Public park in Manhattan, New York

Trygve Lie Plaza is a 0.10 acre public park in the Murray Hill neighborhood of Manhattan, New York City. Located on the west side of First Avenue between East 41st Street and East 42nd Street, the park was created in 1948 as part of the widening of First Avenue for the development of the United Nations. It was named after Trygve Lie in 1998.

==History==
The site of the park was previously occupied by a strip of four story tenements that abutted the east side of the base of Tudor Tower in Tudor City.
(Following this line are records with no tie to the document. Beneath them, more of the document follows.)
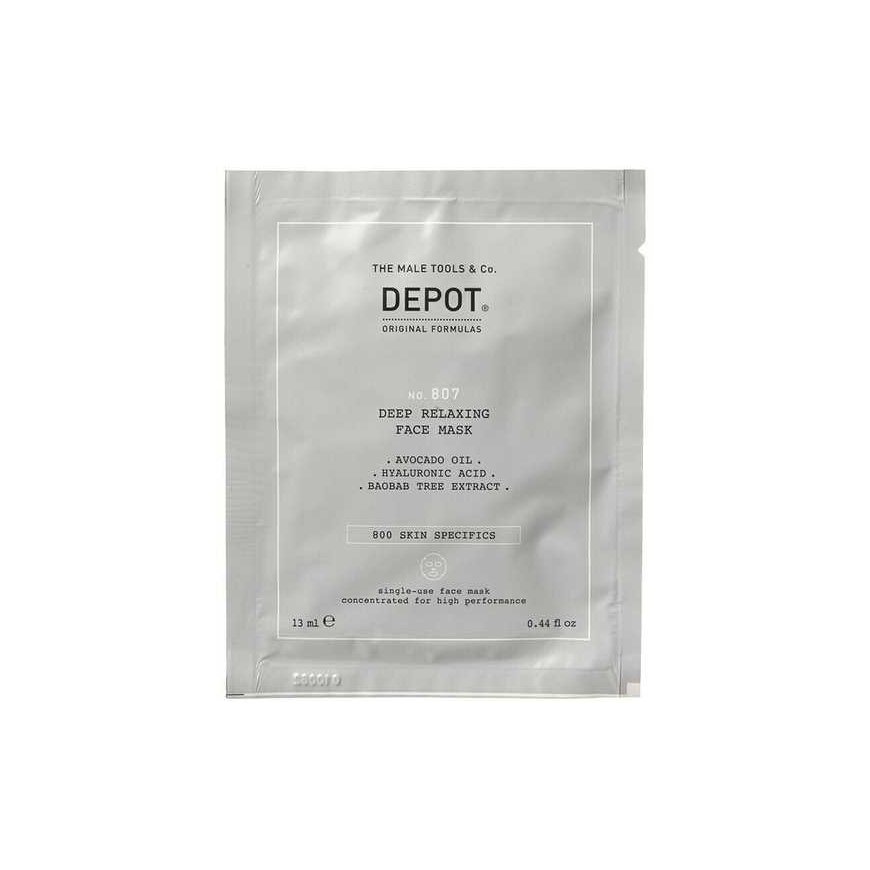 Set, Depot, 800 Skin Specifics No. 807, Hyaluronic Acid, Soothing/Hydrating & maitininantis, Sheet Mask, For Face, Day, 12 pcs,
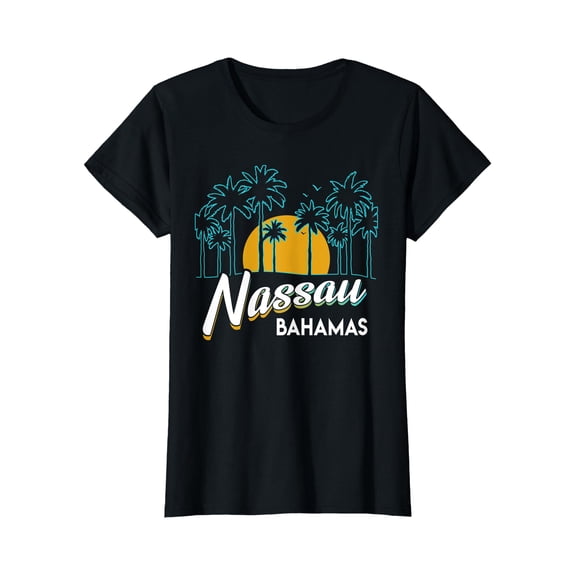 YISAN Nassau Bahamas Vintage Printed Sunset gift T-Shirt-XS
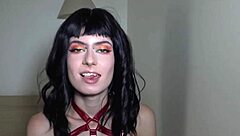 Check out that French emo babe Lucifera showing off her split tongue skills!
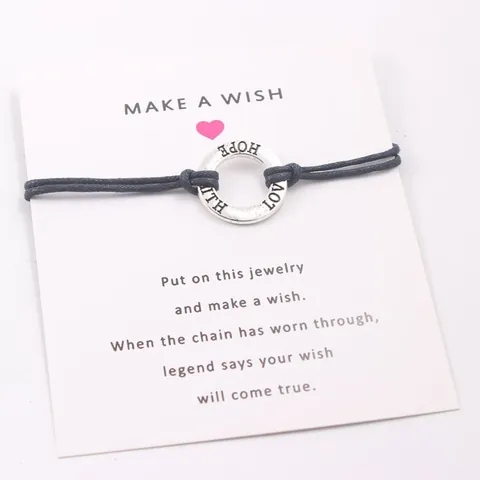 Faith Hope Love Engraved Alloy Ring Wax Cord Wish Bracelet with Blessing Card Package Unisex Simple Inspirational Jewelry Gift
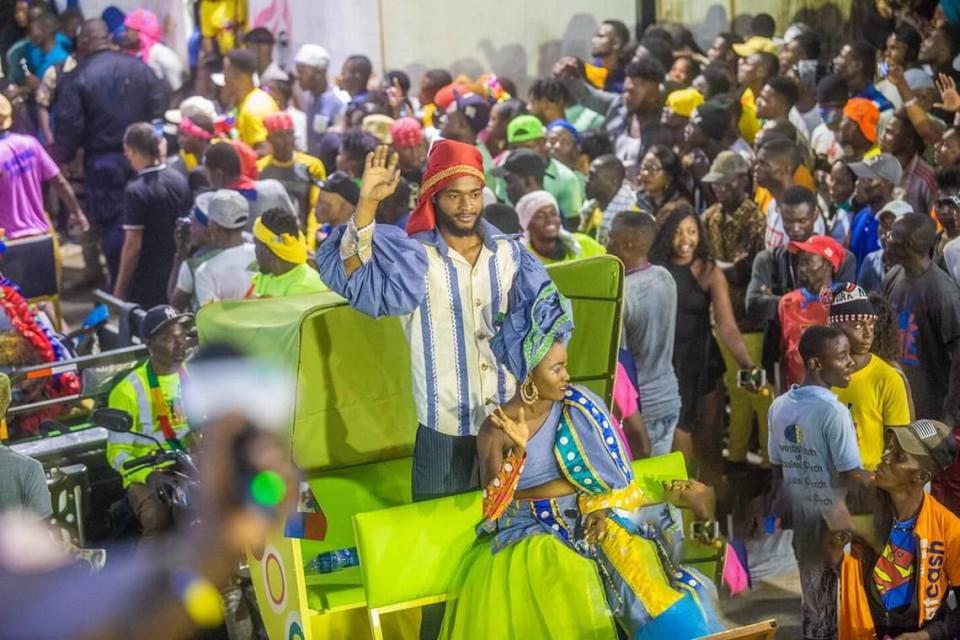 Haitians party in Port-de-Paix, Haiti during the country’s three day National Carnival, which began on Sunday, February 14, 2021. The potential COVID-19 super spreader has led to the Bahamas issuing a temporary ban.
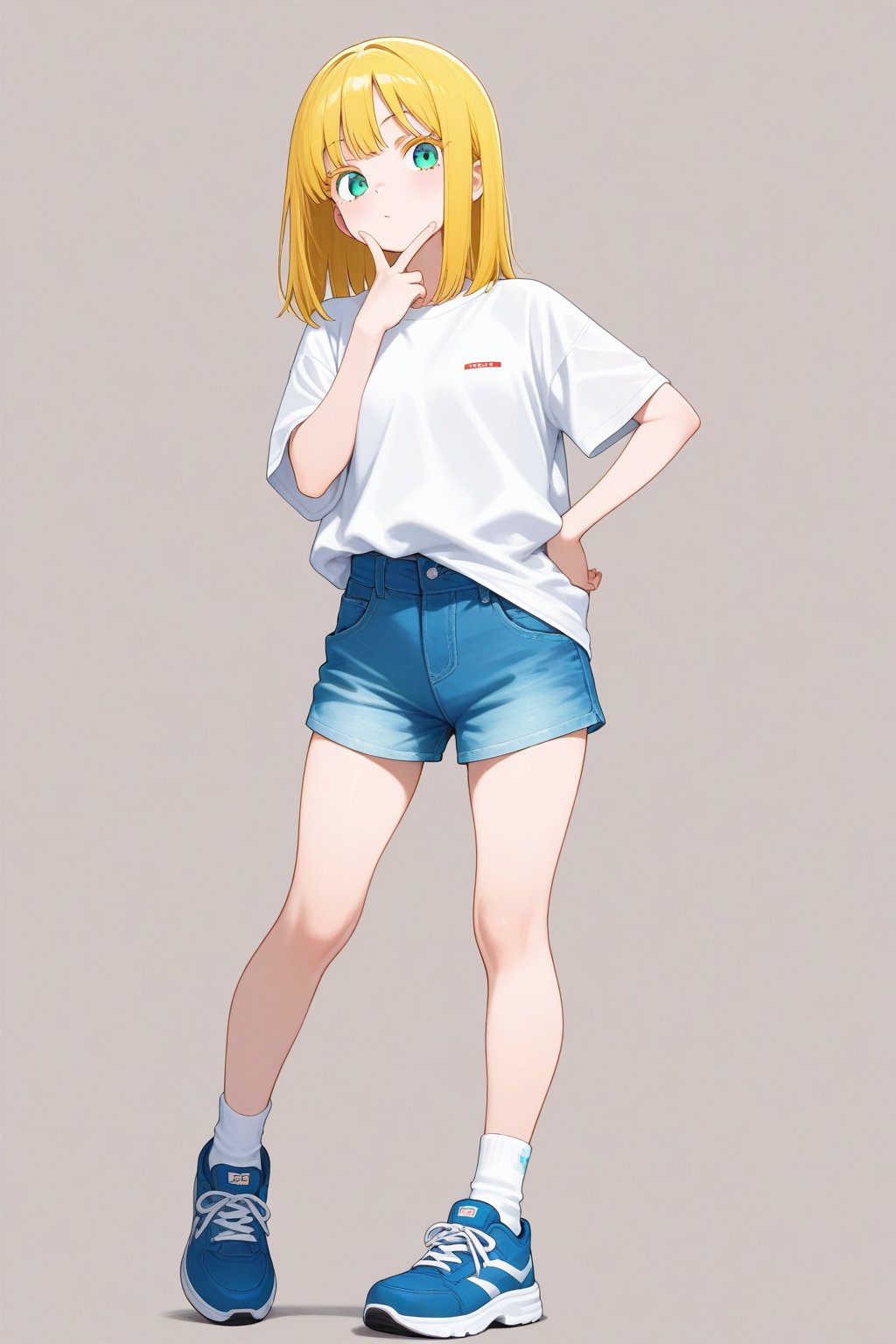 V over chin,  1girl,  medium hair by 幽鬼処刑人２年目 on Tensor.Art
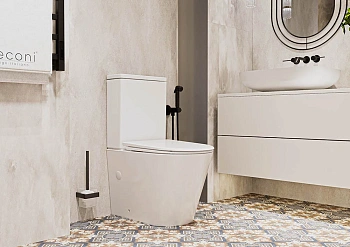 Унитаз напольный с бачком Veconi Telle VTE-64T белый глянцевый с сиденьем микролифт безободковый смыв торнадо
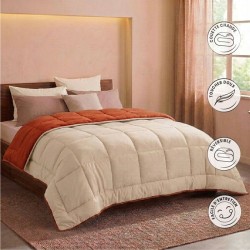 CALGARY - Couette Chaude Microfibre 400gr/m² - Gris Galet & Marron Gingembre ...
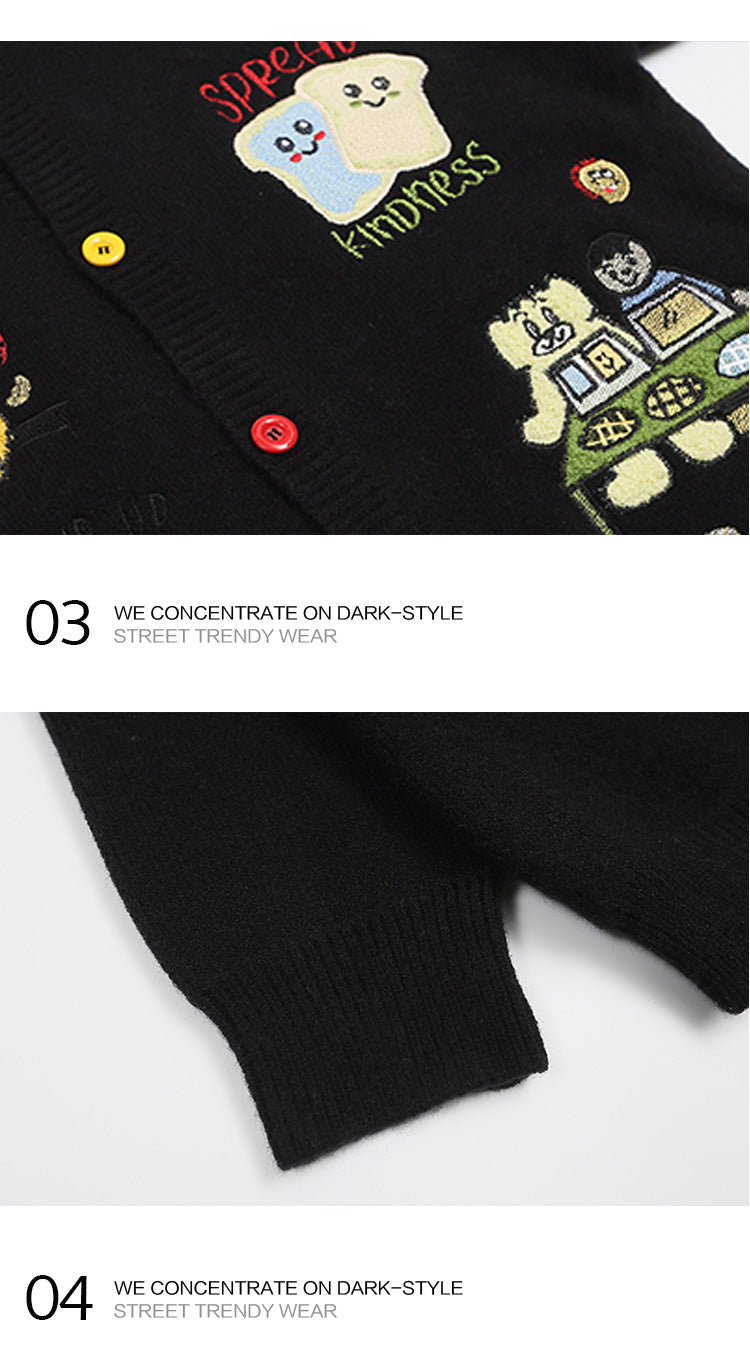 American fashion brand fun cartoon patch embroidered cardigan sweater men's winter age reduction lazy knit jacket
The new parkland, including the property for Ralph Bunche Park on the opposite side of East 42nd Street, was acquired by the city as part of the widening of First Avenue to accommodate the United Nations headquarters. These street improvements also included the construction of the vehicular tunnel that runs under First Avenue from East 42nd to 48th streets. To accommodate the construction of the south portal for the tunnel, a 28 ft strip of land was also removed from the western edge of the park on the opposite side of First Avenue (now called Robert Moses Playground). Condemnation of the land between East 41st and 42nd streets was authorized by the New York City Board of Estimate in August 1948. The land lot for the park has an area of 4,147 ft2, with a frontage of 197.5 ft and a depth of 21 ft.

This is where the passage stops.